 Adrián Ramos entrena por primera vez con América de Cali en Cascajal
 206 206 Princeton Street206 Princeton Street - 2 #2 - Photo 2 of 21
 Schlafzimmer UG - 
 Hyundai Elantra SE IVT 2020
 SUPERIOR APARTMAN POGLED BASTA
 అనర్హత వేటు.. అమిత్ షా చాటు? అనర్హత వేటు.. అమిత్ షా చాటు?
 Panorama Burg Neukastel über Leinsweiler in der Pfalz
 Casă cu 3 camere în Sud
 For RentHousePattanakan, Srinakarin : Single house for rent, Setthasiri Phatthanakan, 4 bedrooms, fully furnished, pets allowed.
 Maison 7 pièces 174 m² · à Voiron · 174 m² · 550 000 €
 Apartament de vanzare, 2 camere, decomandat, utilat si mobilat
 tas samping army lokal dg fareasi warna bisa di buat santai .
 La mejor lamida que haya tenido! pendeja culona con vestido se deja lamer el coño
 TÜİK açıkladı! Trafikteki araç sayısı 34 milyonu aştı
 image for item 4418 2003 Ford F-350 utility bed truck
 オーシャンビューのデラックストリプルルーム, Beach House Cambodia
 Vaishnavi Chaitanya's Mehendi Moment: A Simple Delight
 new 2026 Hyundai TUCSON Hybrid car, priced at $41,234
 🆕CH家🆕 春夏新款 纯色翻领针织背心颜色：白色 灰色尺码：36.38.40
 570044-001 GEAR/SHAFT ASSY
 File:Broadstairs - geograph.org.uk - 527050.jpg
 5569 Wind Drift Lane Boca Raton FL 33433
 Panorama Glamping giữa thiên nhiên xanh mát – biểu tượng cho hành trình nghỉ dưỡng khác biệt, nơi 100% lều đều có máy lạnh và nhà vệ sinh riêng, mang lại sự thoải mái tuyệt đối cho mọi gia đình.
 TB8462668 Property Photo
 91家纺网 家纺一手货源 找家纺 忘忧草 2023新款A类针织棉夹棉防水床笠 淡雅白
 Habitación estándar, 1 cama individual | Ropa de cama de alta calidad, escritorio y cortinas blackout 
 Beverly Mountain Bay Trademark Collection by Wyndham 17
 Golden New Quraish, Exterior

[Exercise objective]
Exactly as they stand, please print the lines from the first line of the records above down to the line that includes "tas samping army", both of those included and no others.

[Result]
 Adrián Ramos entrena por primera vez con América de Cali en Cascajal
 206 206 Princeton Street206 Princeton Street - 2 #2 - Photo 2 of 21
 Schlafzimmer UG - 
 Hyundai Elantra SE IVT 2020
 SUPERIOR APARTMAN POGLED BASTA
 అనర్హత వేటు.. అమిత్ షా చాటు? అనర్హత వేటు.. అమిత్ షా చాటు?
 Panorama Burg Neukastel über Leinsweiler in der Pfalz
 Casă cu 3 camere în Sud
 For RentHousePattanakan, Srinakarin : Single house for rent, Setthasiri Phatthanakan, 4 bedrooms, fully furnished, pets allowed.
 Maison 7 pièces 174 m² · à Voiron · 174 m² · 550 000 €
 Apartament de vanzare, 2 camere, decomandat, utilat si mobilat
 tas samping army lokal dg fareasi warna bisa di buat santai .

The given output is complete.